第二部分 閱讀理解模擬練習
Unit 1
(35 minutes)
Directions: There are 4 reading passages in this part. Each passage is followed by some questions or unfinished statements. For each of them there are four choices marked A), B), C) and D). You should decide on the best choice and mark the corresponding letter on the Answer Sheet with a single line through the centre.
Questions 21 to 25 are based on the following passage:
The banking revolution in America is as much about attitudes and assumptions as about size and structure. For centuries, Americans have distrusted banks. In the 1830s, Andrew Jackson denounced and destroyed the Second Bank of the United States, which existed “to make the rich richer” at the expense of “farmers, mechanics and laborers.” In the 1930s, banks were blamed for helping cause the Depression. The wonder, then, is that the latest wave of bank mergers — the largest ever — has inspired little more than a bewildered and, perhaps, irritated shrug from the public.
As banks grow bigger, they seem less fearsome. Why? The answer is that banks have shrunk in power even as they have expanded in size. Traditionally, banking has been a simple business. Deposits come through one door, loans go out through an other. Profits derive from the “spread” between interest rates on deposits and loans. If savers and borrowers cannot go elsewhere, banks are powerful. And if there are other choices, banks are less powerful. And so it is.We inhabit an age of superabundant credit and its purveyors. A century ago, matters were different. Small depositors could choose from only one or several local banks; getting a loan meant winning the good graces of the neighborhood banker. Even big corporations depended on a few big banks or investment houses.
John Reed or Hugh McColl — the heads of Citicorp and Nations Bank — are not household names. In 1900 J. P. Morgan was. As head of J. P. Morgan & Co., he controlled—through stock and positions on corporate boards — a third of U.S. railroads and 70 percent of the steel industry. A railroad executive once cheerfully confessed his dependence on Morgan's capital:“If Mr. Morgan were to order me tomorrow to China or Siberia ...I would go.”
No bankers today inspires such awe or fear. Time, technology and government restrictions weakened bank power. In the 1920s, auto companies popularized car loans. National credit cards originated in 1950 with the Dinners Club card. In 1933, the Glass-Steagal Act required banks and their investment houses to split. After World War Ⅱ, pensions and the stock market competed for consumer savings. As aresult, banks command a shrinking share of the nation's wealth: 20 percent of assets of financial institutions in 1997, down from 50 percent in 1950.
21. Traditionally, Americans' attitude towards banks is one of .
A) suspicion B) trust C) dependence D) admiration
22. Why are John Reed and Hugh McColl not as well-known as J.P. Morgan?
A) John Reed and Hugh McColl are not as rich as J.P. Morgan was.
B) Banks are no longer as powerful as they were in J.P. Morgan's time.
C) John Reed and Hugh McColl are not as capable as J.P. Morgan was.
D) The banks John Reed and Hugh McColl head are smaller than Morgan's.
23. The word “spread” in Paragraph 2 most probably means .

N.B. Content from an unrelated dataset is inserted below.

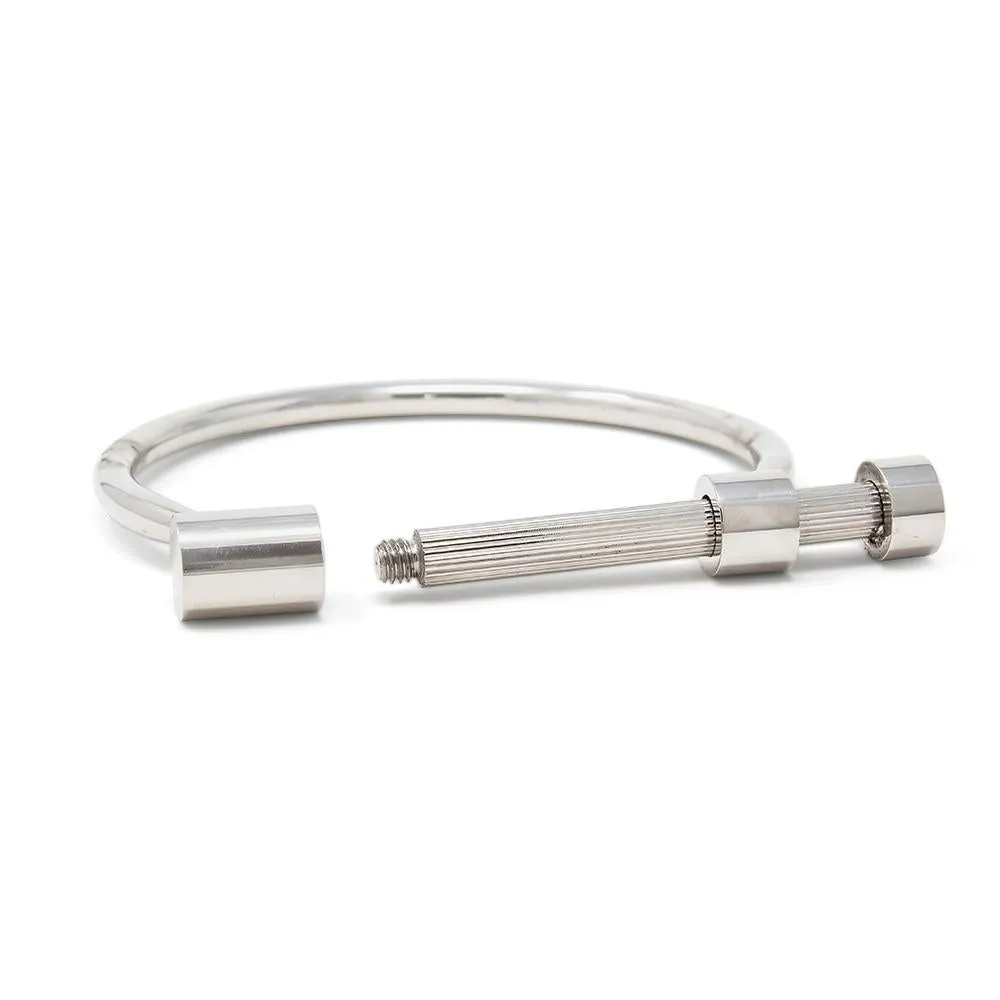 Stainless Steel Bangle Screwed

A) cover B) extent C) difference D) degree
24. Which of the following statements is true?
A) The recent bank mergers have given much shock to the nation.
B) People no longer distrust banks.
C) No bank today can compare with J.P. Morgan's in size.
D) It is easier to borrow money today than it was in the past.
25. What does the author chiefly talk about in the passage?
A) Banking and investment. C) The evolution of the banks.
B) The credit market. D) The shrinking power of the banks.
Questions 26 to 30 are based on the following passage:
Let us ask what were the preparation and training Abraham Lincoln had for oratory, whether political or forensic.
Born in rude and abject poverty, he never had any education, except what he gave himself, till he was approaching manhood. Not even books wherewith to inform and train his mind were within his reach. No school, no university, no legal faculty had any part in training his powers. When he became a lawyer and a politician, the years most favorable to continuous study had already passed, and the opportunities he found for reading were very scanty. He knew but few authors in general literature, though he knew those few thoroughly. He taught himself a little mathematics, but he could read no language save his own, and can have had only the faintest acquaintance with European history or with any branch of philosophy. The want of regular education was not made up for by the persons among whom his lot was cast. Till he was a grown man, he never moved in any society from which he could learn those things with which the mind of an orator to be stored. Even after he had gained some legal practice, there was for many years no one for him to mix with except the petty practitioners of a petty town, men nearly all of whom knew little more than he did himself.